Just be sure to double and then triple-check that you've gotten all the haze off the tiles. Those last little bit of it will drive you crazy a month from now... It's even less fun using acid to get that off there, above all the other nice work below.


----------



## ChrisDIY

wkearney99 said:


> 3) keep your mouth closed (because thinset tastes terrible)...
> 
> ...


LOL, funny you should say that, missed my mouth by inches!


----------



## ChrisDIY

Tried in the rain panel and it fits perfectly! Whoo Hoo!

Next step is tiling the bottom of the recessed area or the "real ceiling" around my soffit.
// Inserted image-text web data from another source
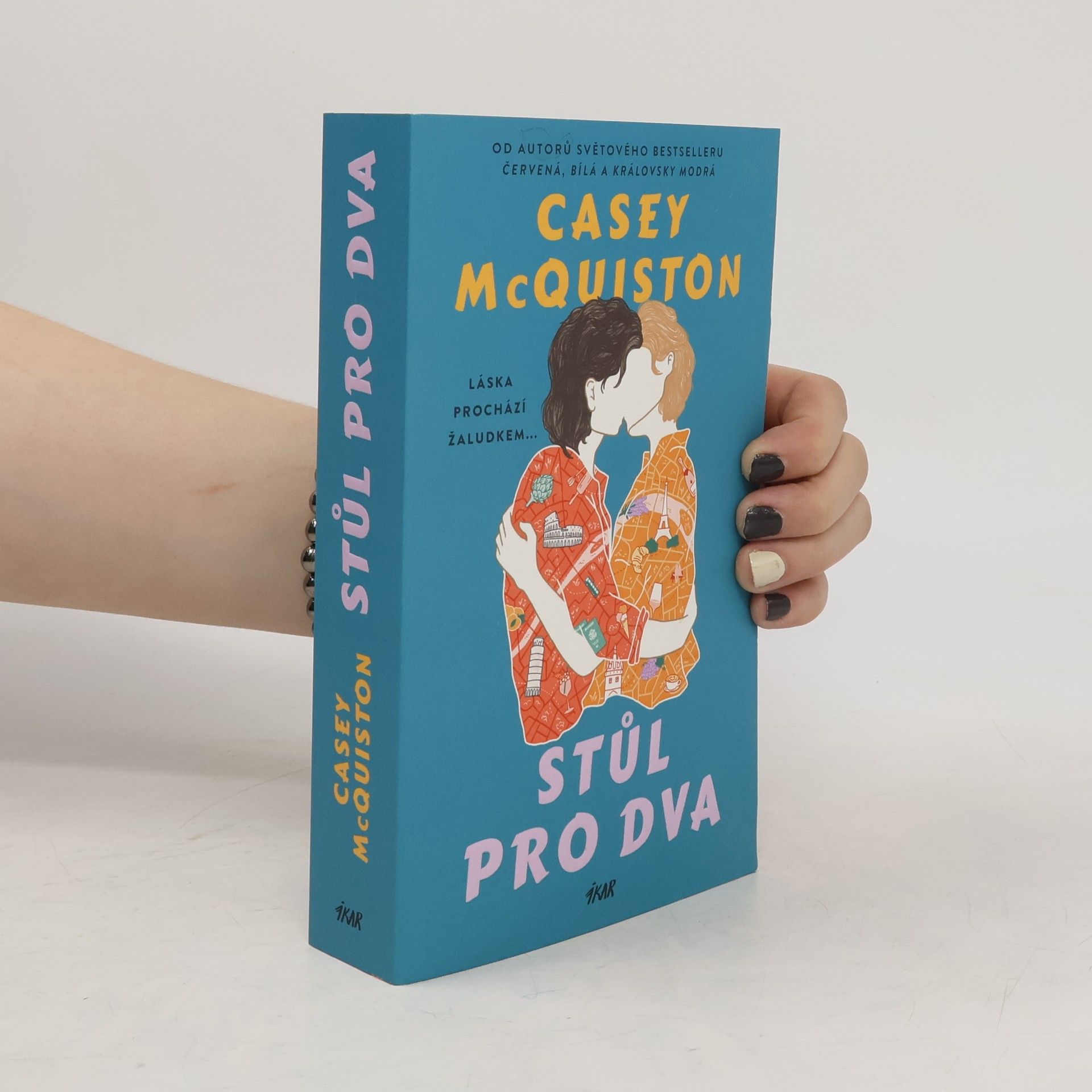 Casey McQuiston Stůl pro dva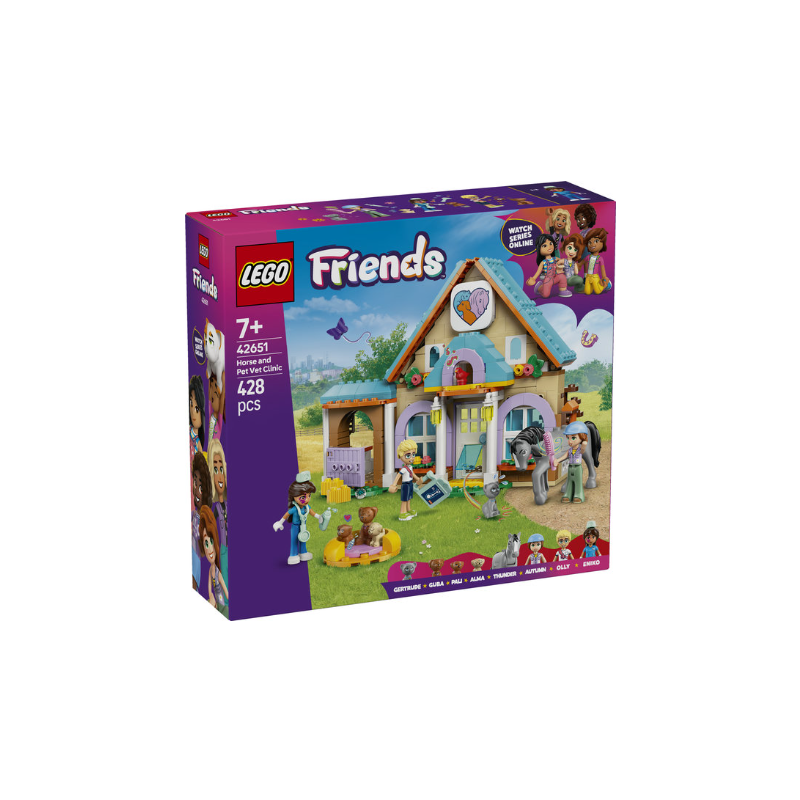 Horse and Pet Veterinary Clinic.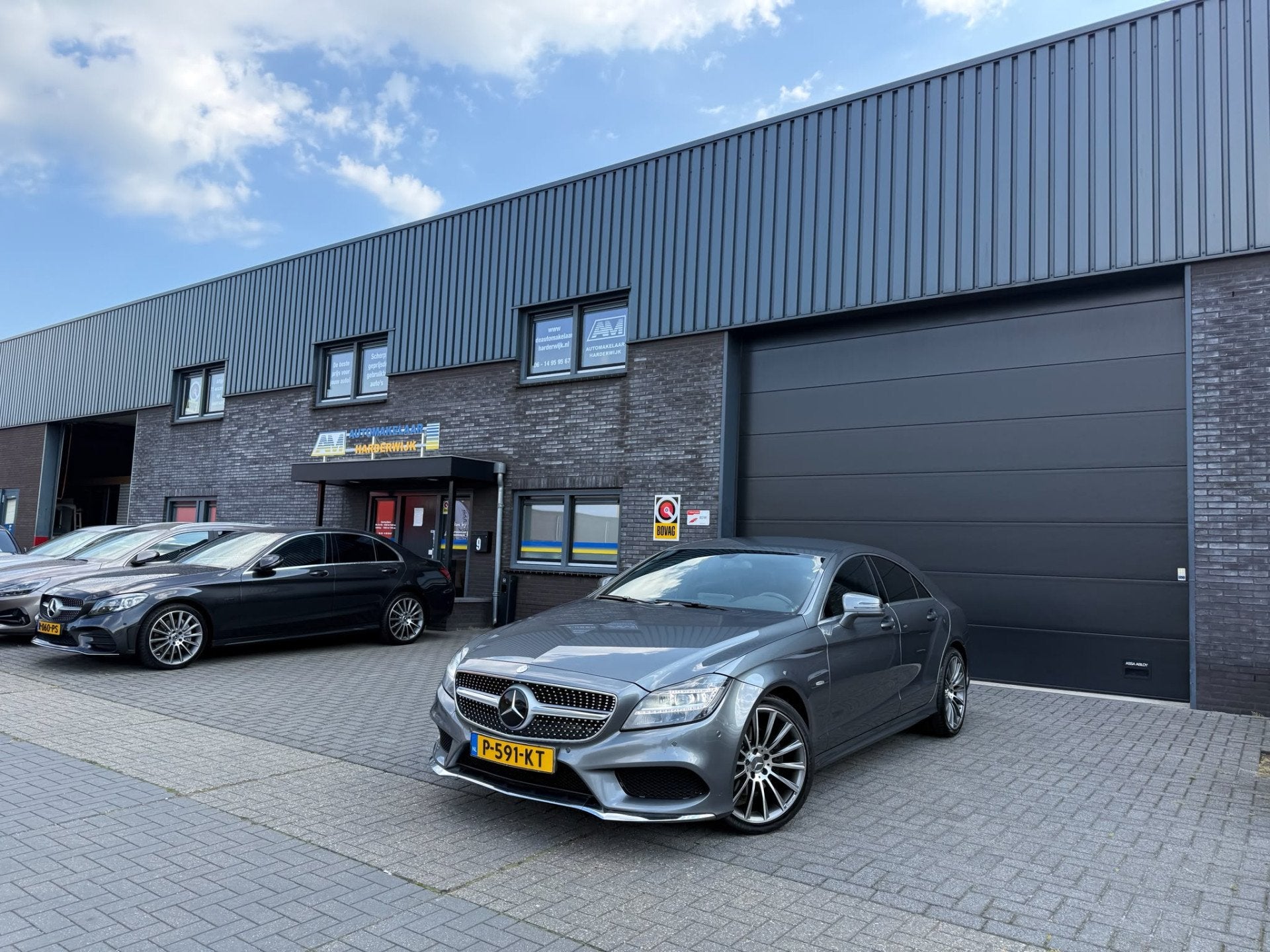 Mercedes-Benz CLS-Klasse 220 D | 3/6/12MND GARANTIE| AUTOMAA, Auto's, Mercedes-Benz, Lederen bekleding, Achterwielaandrijving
Sent from my Samsung Galaxy Tab 2 using DIY Chatroom


----------



## ChrisDIY

Installing bench and anchors are stripping cement board. Ran out and bought a different style that doesn't require anchor to turn to seat


----------



## ChrisDIY

Bench installed ready for mud!


----------



## 747

Your kicking ass and taking names Chris. Great job so far.


----------



## ChrisDIY

Finished shower bench and shelf. Next step tiling!


----------



## ChrisDIY

I'm planning on using 24" x 24" tile (cut to size) for the top of bench so there are only two grout lines. I'll probably offset a little so grout lines on wall won't line up to them.


----------



## ChrisDIY

Used Laticrete platinum 254 today and it is very different from Mapei thinset mortar. Will take some getting used to. Stuff is real sticky for starters which I guess is a plus. I am going to have to mix in small batches as it also seems to set up at a pro installer rate, LOL. I may actually get somebody to help me, first wall has the body spray cuts to make.
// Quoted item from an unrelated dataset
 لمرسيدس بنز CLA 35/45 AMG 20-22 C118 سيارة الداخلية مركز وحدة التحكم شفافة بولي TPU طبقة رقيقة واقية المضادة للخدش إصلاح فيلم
Sent from my Samsung Galaxy Tab 2 using DIY Chatroom


----------



## ChrisDIY

One thing that should make tiling go faster is that the tile I am using has an adhesive plastic on the front for protection. So I can mark lines and not worry about it being permanent. :thumbup:

I am using DeWalt tile blade at the moment but it leaves very tiny chips along the cut edge, even if I cut slowly. I used the original edge for the front of bench since this could irritate the back of our legs. I think all the other cuts on outside corners won't matter.


----------



## ChrisDIY

Ceiling and soffit completed. Grout and matching color sanded caulk. On to the walls. First wall has all the body sprays, so I have to cut and go! I am thinking of making cardboard cut outs of the opening size to save time.


----------



## ChrisDIY

I had some left over acrylic so I made myself some cutout templates. Saved a lot of time. Came in handy since I had to back butter almost all of the tiles since I am using the levelling system.


----------



## ChrisDIY

Here is the first of the four walls completed. This was the hardest with all the cutouts. Not sure how picture will look.


----------



## ChrisDIY

For those people reading my project showcase, I highly recommend getting a 3 plane laser level. I can't believe I have done so much in this house without one! Tomorrow I will be tiling the opposite wall from the one completed, without a laser level I am sure my back wall would not line up to both sides. 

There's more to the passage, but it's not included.